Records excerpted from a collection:
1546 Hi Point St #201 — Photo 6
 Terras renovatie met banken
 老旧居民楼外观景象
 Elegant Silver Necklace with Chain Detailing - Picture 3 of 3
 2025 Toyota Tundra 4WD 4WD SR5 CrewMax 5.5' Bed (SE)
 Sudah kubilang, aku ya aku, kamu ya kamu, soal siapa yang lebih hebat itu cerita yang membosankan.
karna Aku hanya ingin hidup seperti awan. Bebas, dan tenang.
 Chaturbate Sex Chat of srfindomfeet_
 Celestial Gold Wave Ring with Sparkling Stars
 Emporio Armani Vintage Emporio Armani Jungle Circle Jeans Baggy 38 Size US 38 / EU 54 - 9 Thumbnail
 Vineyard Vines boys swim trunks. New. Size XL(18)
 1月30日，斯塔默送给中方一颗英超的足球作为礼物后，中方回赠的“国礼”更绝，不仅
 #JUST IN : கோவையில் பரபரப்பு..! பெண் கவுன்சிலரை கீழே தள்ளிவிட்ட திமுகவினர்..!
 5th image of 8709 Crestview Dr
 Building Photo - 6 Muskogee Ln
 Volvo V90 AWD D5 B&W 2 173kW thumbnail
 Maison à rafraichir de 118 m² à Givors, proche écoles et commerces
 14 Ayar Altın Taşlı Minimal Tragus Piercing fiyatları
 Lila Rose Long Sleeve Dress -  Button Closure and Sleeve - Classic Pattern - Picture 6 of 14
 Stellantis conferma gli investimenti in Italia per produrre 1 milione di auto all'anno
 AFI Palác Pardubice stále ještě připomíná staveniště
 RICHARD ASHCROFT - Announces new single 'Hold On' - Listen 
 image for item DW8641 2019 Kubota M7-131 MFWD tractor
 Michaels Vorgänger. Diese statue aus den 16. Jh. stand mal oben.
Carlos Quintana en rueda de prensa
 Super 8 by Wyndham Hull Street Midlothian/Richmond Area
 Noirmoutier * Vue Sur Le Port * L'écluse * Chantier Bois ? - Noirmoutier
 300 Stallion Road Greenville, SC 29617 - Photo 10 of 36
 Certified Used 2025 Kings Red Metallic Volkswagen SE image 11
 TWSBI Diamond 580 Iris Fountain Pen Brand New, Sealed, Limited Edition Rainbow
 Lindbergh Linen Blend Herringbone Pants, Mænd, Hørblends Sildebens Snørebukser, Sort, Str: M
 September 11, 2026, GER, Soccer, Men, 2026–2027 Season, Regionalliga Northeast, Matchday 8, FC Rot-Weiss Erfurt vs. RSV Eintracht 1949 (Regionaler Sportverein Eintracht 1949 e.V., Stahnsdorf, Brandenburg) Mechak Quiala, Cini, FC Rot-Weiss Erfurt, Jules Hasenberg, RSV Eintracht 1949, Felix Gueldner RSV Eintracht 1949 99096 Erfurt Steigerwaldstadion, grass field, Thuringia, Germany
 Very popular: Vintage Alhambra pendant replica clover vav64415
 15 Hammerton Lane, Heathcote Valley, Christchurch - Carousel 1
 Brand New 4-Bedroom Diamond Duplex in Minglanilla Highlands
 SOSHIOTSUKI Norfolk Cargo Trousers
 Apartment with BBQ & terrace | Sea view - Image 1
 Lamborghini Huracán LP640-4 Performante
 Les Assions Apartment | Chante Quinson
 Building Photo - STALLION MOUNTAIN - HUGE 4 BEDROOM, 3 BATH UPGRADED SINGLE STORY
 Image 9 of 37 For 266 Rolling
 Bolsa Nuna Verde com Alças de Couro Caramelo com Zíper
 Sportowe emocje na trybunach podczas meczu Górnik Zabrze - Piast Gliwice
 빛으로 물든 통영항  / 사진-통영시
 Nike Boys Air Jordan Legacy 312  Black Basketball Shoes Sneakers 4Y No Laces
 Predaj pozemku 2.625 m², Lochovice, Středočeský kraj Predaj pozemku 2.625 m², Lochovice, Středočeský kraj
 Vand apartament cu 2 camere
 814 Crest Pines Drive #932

** Instructions for the task **
Each line of the data that includes "with" should be copied.

** Exercise answer **
 Elegant Silver Necklace with Chain Detailing - Picture 3 of 3
 Celestial Gold Wave Ring with Sparkling Stars
 Apartment with BBQ & terrace | Sea view - Image 1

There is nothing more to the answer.